Wenn aus ergaster die späteren Spezies heidelbergensis, neanderthalensis und sapiens hervorgingen, besteht eine erhebliche zeitliche Lücke zwischen dem jüngsten ergaster vor etwa 1,5 Millionen Jahren und dem ältesten heidelbergensis vor 0,8 Millionen Jahren. In dieser Zeitspanne steht üblicherweise der mit Homo erectus bezeichnete Hominide, den aber manche Paläanthropologen zu spezialisiert halten, so dass er kein Vorfahre des Jetztmenschen sein kann. Der Jetztmensch (Homo sapiens) entstand wahrscheinlich vor 100 000 bis 200 000 Jahren in Afrika. Er ist die einzige heute noch lebende Hominidenspezies und auch der letzte Überlebende aus der zoologischen Familie der Hominidae. Diese kurze Übersicht über die Gattung Homo soll deutlich machen, wie kompliziert die Evolution dieser Gattung war. Die Artenvielfalt spricht wieder einmal dafür, dass die Evolution der heutigen Menschen kein gerichteter, eingleisiger Prozess war, sondern wie die Entwicklung anderer Säugetiergruppen mit Verzweigung und Artbildung verbunden war.

Homo habilis
(Olduvai-Schlucht, Tansania; 1,75 Mio Jahre, 1960)

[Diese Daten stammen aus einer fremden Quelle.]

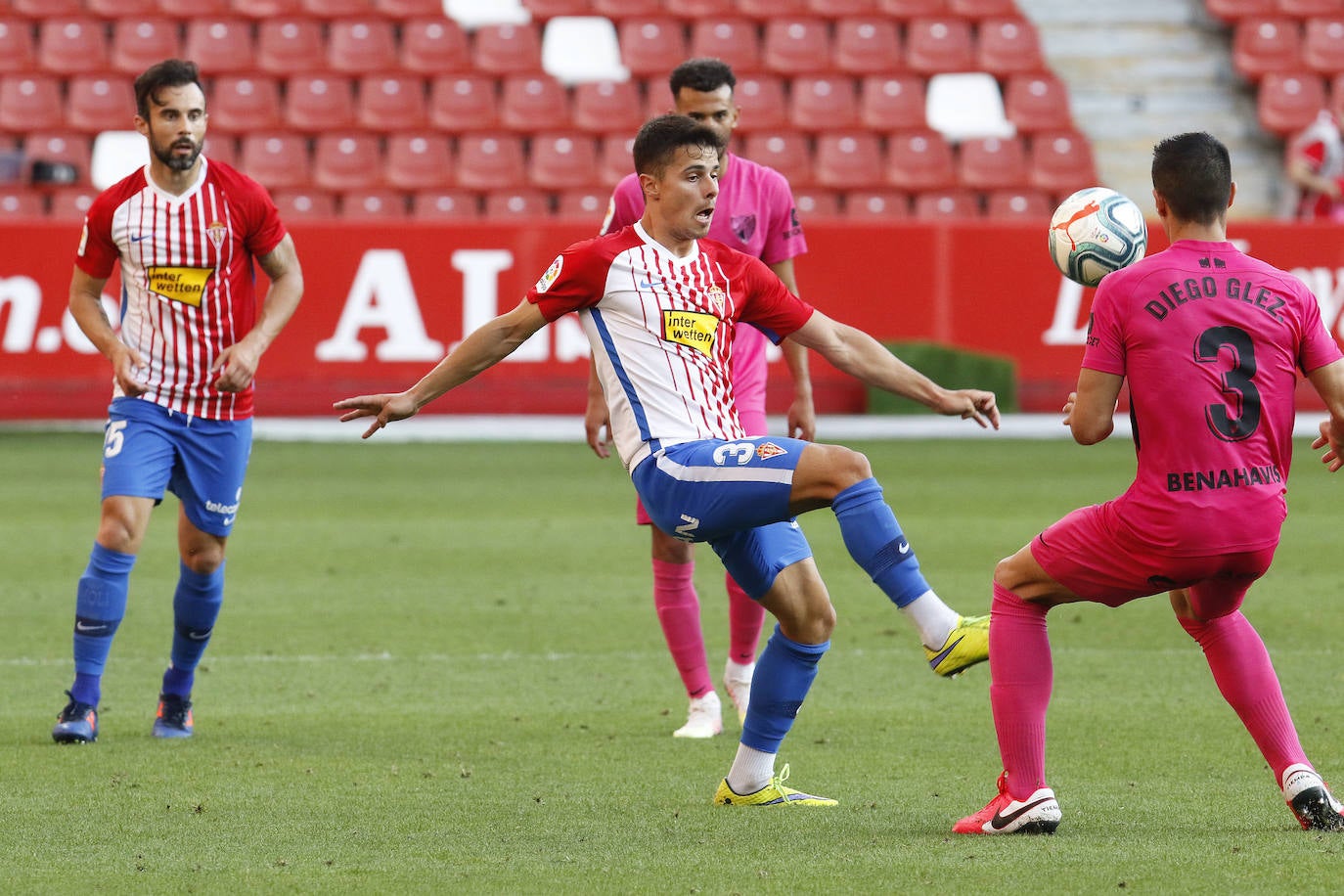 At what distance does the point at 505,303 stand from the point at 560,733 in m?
10.1

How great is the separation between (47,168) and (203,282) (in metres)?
12.6

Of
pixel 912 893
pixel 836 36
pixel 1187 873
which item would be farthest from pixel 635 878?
pixel 836 36

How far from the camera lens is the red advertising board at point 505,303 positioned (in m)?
15.9

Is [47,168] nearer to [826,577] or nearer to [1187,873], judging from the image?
[826,577]

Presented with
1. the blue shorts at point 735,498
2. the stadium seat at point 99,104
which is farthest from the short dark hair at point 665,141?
the stadium seat at point 99,104

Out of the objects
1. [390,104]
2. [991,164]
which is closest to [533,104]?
[390,104]

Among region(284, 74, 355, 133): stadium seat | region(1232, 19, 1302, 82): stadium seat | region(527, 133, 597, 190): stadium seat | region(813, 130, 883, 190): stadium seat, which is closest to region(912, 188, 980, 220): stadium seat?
region(813, 130, 883, 190): stadium seat

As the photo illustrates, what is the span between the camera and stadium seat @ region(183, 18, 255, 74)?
1984 centimetres

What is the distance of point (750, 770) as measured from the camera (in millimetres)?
5117

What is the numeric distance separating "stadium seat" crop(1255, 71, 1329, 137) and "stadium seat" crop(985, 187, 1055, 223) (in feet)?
9.02

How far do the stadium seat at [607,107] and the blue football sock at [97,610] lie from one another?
13.6 metres

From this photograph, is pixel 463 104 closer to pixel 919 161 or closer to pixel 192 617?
pixel 919 161

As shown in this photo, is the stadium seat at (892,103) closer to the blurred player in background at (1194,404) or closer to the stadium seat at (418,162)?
the stadium seat at (418,162)

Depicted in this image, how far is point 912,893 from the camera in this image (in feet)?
13.3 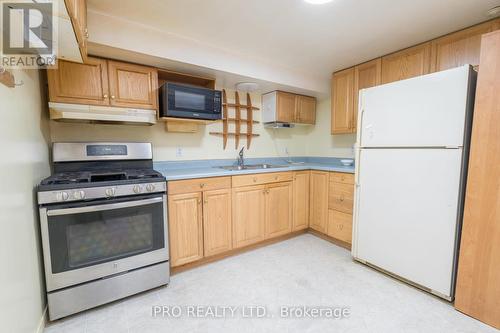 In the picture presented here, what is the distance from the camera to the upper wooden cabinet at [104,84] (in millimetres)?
1846

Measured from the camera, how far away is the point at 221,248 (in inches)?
96.3

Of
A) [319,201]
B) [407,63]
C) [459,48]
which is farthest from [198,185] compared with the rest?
[459,48]

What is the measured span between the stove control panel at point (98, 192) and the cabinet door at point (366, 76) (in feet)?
8.11

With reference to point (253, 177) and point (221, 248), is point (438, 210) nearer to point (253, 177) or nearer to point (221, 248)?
point (253, 177)

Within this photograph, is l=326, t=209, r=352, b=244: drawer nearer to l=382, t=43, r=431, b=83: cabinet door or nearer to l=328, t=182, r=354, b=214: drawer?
l=328, t=182, r=354, b=214: drawer

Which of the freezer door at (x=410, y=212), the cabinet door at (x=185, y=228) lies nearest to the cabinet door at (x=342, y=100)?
the freezer door at (x=410, y=212)

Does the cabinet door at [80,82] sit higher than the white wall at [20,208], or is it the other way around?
the cabinet door at [80,82]

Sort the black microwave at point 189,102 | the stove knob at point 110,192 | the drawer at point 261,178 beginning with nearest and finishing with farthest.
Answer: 1. the stove knob at point 110,192
2. the black microwave at point 189,102
3. the drawer at point 261,178

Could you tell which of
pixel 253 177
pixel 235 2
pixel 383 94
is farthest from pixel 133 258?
pixel 383 94

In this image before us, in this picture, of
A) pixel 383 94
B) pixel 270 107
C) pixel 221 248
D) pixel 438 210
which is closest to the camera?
pixel 438 210

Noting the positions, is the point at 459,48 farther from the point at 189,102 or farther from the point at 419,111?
the point at 189,102

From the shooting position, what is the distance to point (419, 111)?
1.86 metres

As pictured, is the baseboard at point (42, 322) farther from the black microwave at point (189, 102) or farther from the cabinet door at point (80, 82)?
the black microwave at point (189, 102)

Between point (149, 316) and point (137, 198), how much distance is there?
877mm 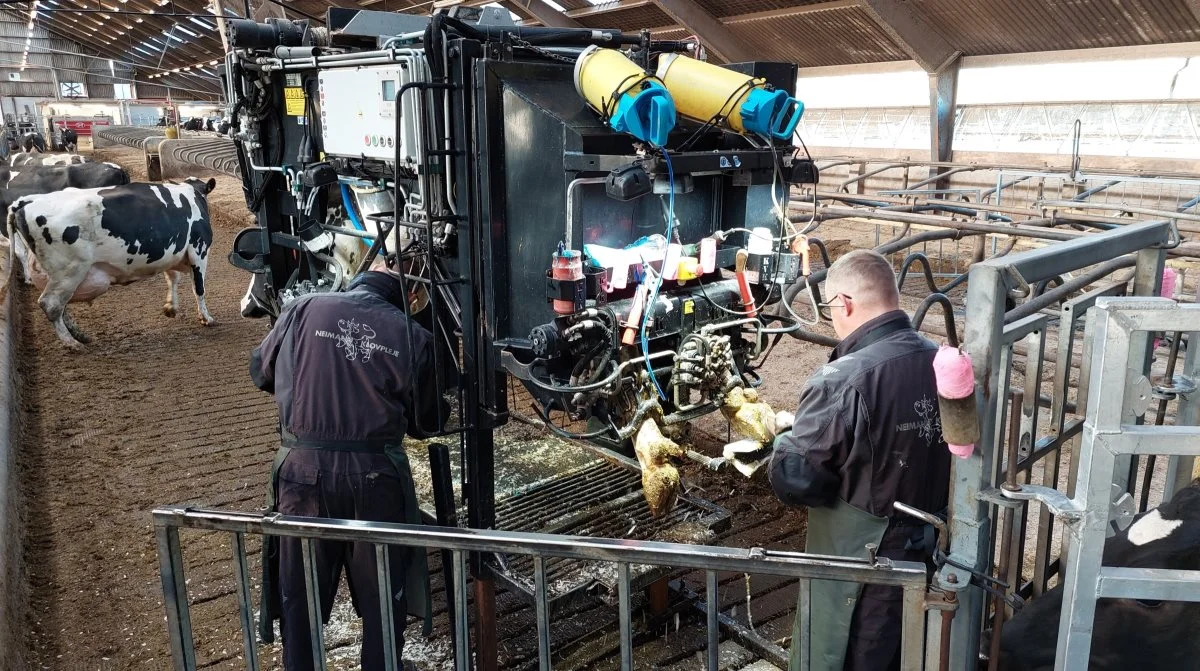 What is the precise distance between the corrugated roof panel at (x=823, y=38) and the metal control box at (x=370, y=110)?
41.2 feet

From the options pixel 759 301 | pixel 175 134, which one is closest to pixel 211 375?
pixel 759 301

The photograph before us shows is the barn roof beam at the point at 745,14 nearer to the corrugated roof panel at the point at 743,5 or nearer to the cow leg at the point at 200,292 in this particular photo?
the corrugated roof panel at the point at 743,5

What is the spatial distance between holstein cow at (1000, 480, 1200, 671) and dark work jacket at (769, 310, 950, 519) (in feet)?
1.37

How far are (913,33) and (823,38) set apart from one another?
240 cm

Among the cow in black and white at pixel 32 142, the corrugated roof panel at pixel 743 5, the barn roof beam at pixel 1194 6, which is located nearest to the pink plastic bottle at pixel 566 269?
the barn roof beam at pixel 1194 6

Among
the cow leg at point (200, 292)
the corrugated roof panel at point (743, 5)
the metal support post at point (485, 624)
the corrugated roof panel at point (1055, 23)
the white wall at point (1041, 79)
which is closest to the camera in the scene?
the metal support post at point (485, 624)

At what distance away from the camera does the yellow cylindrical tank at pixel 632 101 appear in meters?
2.87

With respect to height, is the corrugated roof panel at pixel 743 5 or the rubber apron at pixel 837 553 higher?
the corrugated roof panel at pixel 743 5

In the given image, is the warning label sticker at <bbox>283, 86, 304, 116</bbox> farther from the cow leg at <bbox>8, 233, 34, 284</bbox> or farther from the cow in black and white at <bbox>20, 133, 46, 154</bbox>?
the cow in black and white at <bbox>20, 133, 46, 154</bbox>

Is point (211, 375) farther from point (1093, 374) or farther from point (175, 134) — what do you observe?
point (175, 134)

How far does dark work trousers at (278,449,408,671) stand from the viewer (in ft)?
9.85

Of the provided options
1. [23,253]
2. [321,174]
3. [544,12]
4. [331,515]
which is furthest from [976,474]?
[544,12]

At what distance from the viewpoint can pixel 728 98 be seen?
3.16 m

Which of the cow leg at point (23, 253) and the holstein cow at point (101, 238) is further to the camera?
the cow leg at point (23, 253) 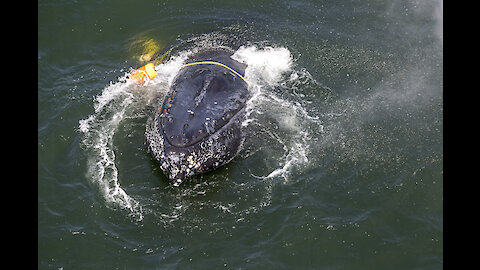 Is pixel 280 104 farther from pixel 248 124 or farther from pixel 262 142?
pixel 262 142

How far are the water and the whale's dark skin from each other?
0.79 m

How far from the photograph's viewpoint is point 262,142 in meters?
27.8

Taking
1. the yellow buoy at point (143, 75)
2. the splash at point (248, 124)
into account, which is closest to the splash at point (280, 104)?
the splash at point (248, 124)

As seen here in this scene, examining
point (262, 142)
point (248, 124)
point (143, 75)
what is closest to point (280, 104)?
point (248, 124)

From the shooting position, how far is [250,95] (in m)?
29.9

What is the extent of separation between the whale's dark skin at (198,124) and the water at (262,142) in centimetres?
79

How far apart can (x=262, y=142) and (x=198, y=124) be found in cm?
367

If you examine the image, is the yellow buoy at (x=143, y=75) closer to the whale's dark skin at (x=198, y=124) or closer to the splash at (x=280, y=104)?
the whale's dark skin at (x=198, y=124)

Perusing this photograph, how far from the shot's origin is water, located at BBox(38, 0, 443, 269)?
77.4 ft

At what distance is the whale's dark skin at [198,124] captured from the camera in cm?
2567

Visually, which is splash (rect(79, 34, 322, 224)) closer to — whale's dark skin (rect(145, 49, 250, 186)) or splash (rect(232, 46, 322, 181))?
splash (rect(232, 46, 322, 181))

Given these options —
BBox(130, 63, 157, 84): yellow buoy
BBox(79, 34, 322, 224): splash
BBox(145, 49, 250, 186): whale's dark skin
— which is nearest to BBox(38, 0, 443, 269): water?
Answer: BBox(79, 34, 322, 224): splash

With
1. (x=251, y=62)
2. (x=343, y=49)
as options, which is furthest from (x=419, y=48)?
(x=251, y=62)

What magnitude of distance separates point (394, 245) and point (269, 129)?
28.6ft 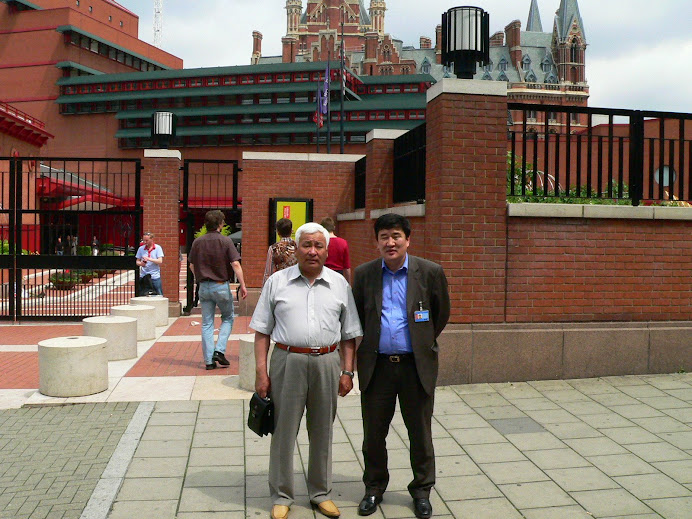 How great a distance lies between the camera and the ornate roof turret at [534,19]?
11212 centimetres

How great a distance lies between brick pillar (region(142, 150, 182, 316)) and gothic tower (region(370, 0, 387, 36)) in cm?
10102

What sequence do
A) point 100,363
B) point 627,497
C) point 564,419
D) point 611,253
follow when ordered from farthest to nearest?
point 611,253, point 100,363, point 564,419, point 627,497

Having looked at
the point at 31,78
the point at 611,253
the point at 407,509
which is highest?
the point at 31,78

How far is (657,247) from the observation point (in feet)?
26.8

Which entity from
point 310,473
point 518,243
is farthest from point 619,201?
point 310,473

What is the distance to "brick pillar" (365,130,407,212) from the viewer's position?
12.0 meters

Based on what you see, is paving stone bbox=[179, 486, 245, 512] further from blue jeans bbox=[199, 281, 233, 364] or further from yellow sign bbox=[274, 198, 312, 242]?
yellow sign bbox=[274, 198, 312, 242]

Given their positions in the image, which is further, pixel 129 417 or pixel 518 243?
pixel 518 243

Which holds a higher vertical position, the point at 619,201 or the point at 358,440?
the point at 619,201

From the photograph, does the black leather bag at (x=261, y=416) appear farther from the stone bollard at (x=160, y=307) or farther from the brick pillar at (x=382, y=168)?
the stone bollard at (x=160, y=307)

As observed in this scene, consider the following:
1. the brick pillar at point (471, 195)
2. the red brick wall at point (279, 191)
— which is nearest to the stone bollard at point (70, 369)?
the brick pillar at point (471, 195)

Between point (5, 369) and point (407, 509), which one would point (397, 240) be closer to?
point (407, 509)

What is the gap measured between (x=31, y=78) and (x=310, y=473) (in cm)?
7223

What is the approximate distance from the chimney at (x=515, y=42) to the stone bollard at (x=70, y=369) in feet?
326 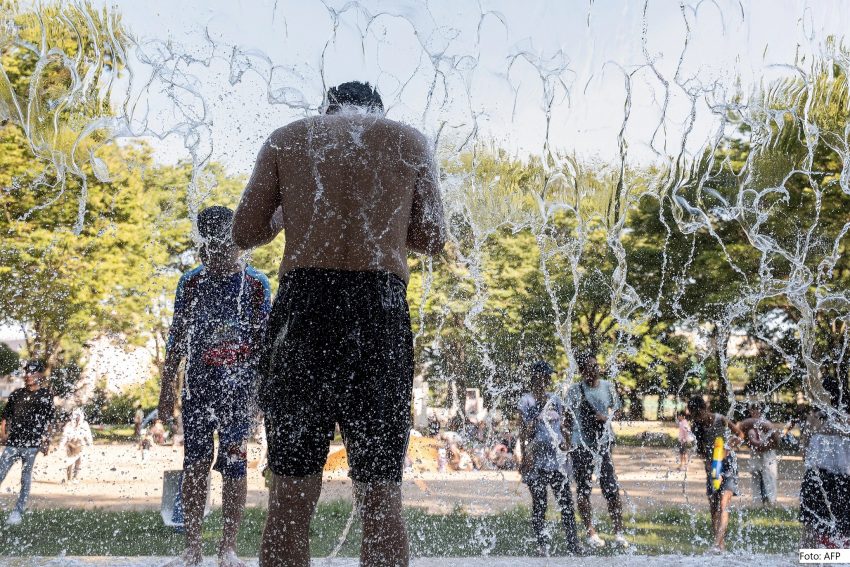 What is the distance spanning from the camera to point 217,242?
3781 mm

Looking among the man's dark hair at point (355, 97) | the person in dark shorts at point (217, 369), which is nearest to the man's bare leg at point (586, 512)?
the person in dark shorts at point (217, 369)

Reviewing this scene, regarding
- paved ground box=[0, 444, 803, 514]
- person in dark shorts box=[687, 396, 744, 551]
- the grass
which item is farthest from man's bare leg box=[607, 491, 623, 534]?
paved ground box=[0, 444, 803, 514]

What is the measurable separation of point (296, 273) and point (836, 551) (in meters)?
3.35

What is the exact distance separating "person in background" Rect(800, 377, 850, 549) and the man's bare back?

Bild: Homo habilis (aus GEO)

Bild: Homo habilis, KNM-ER 1813; Dieser Schädel stammt aus Koobi Fora in Kenia. (Aus Johanson)

Der Fund besteht aus zwei Dutzend Knochen und 14 Zähnen, die vermutlich zum Skelett eines Kindes gehören, das im Alter von 10 bis 12 Jahren starb. Es trägt des Spitznamen "Jonnys Kind" zu Ehren seines Entdeckers, des ältesten Sohnes von Louis und Mary Leakey. Die relativ großen Schneidezähne und die schmalen Mahlzähne waren ein Indiz dafür, dass es sich hier um eine neue Hominidenart handelte. 1968 wurde ein stark zerstückelter, zusammengebrochener Schädel (Tobias: "So platt war sonst nur Twiggy!") mit dem Spitznamen des englischen Fotomodells in der Olduvai-Schlucht gefunden, der aufgrund der Merkmale einem jungen Homo habilis zuzurechnen ist.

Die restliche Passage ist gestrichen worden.